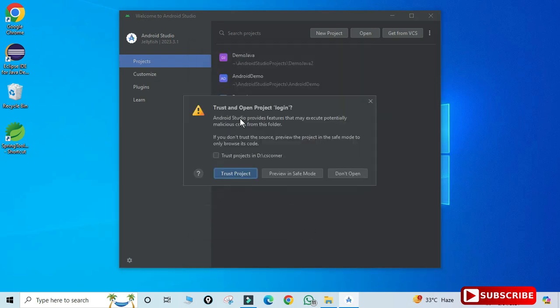It is asking me Trust and Open the project Login. Just check mark it and click on Trust Project.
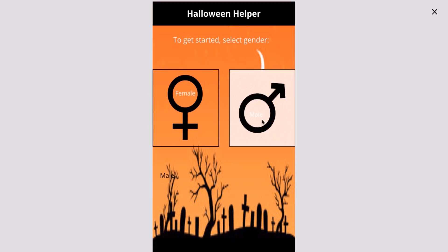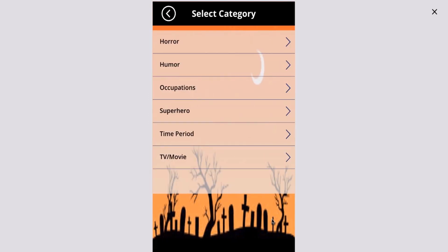We land on a page where we begin with our gender. I am a male so I'm going to go ahead and check that. You can see there are various categories, so you can set up all different kinds of categories and drop all different kinds of costumes in them. I'm going to go with time period — maybe I'll be 50s, 60s, 30s, who knows.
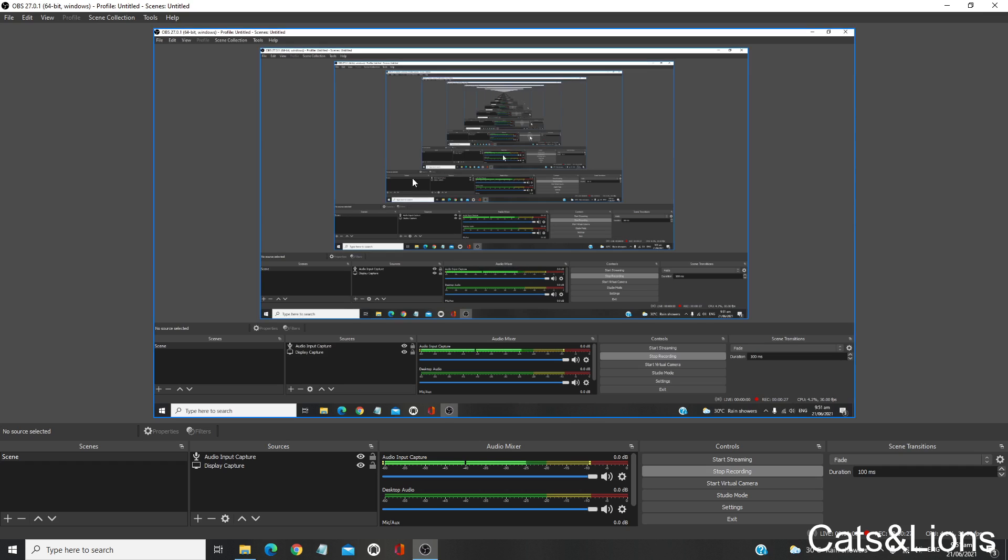First of all, once you've opened the OBS Studio application, click on File located on the upper left corner of the screen. Then on the drop-down menu, select Settings and you'll be given this option.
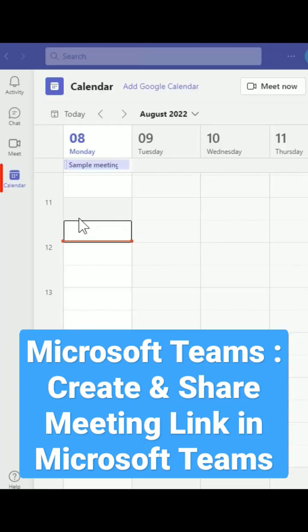How to create and share a meeting link in Microsoft Teams. Open Microsoft Teams.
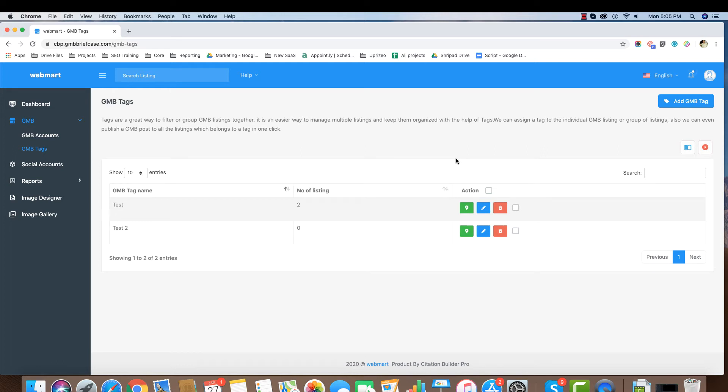GMB Tags is a great way to group multiple GMB listings together. Using this facility, we can tag multiple GMB listings under one tag. We can use these tags to create posts in bulk on these listings.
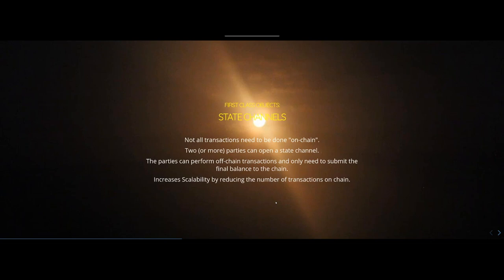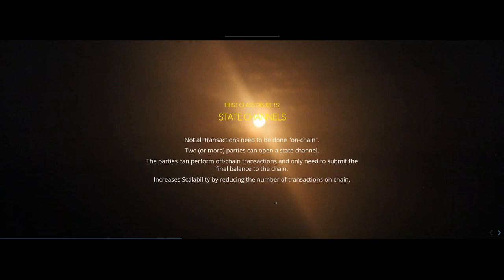With state channels you can do transactions such as paying for each frame of a streaming video broadcast, fully automated. This means you don't pay up front for the full movie — if the transaction is interrupted you've only paid a few microtransactions for a few frames. This would not be possible doing it all on-chain because transactions cost more on-chain and always take some time for the network to confirm.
========
▶ _Try it_: Make an exact copy of the records above, with the pictures left out.

▶ _Task solution_:
It is asking me Trust and Open the project Login. Just check mark it and click on Trust Project.
We land on a page where we begin with our gender. I am a male so I'm going to go ahead and check that. You can see there are various categories, so you can set up all different kinds of categories and drop all different kinds of costumes in them. I'm going to go with time period — maybe I'll be 50s, 60s, 30s, who knows.
First of all, once you've opened the OBS Studio application, click on File located on the upper left corner of the screen. Then on the drop-down menu, select Settings and you'll be given this option.
How to create and share a meeting link in Microsoft Teams. Open Microsoft Teams.
GMB Tags is a great way to group multiple GMB listings together. Using this facility, we can tag multiple GMB listings under one tag. We can use these tags to create posts in bulk on these listings.
With state channels you can do transactions such as paying for each frame of a streaming video broadcast, fully automated. This means you don't pay up front for the full movie — if the transaction is interrupted you've only paid a few microtransactions for a few frames. This would not be possible doing it all on-chain because transactions cost more on-chain and always take some time for the network to confirm.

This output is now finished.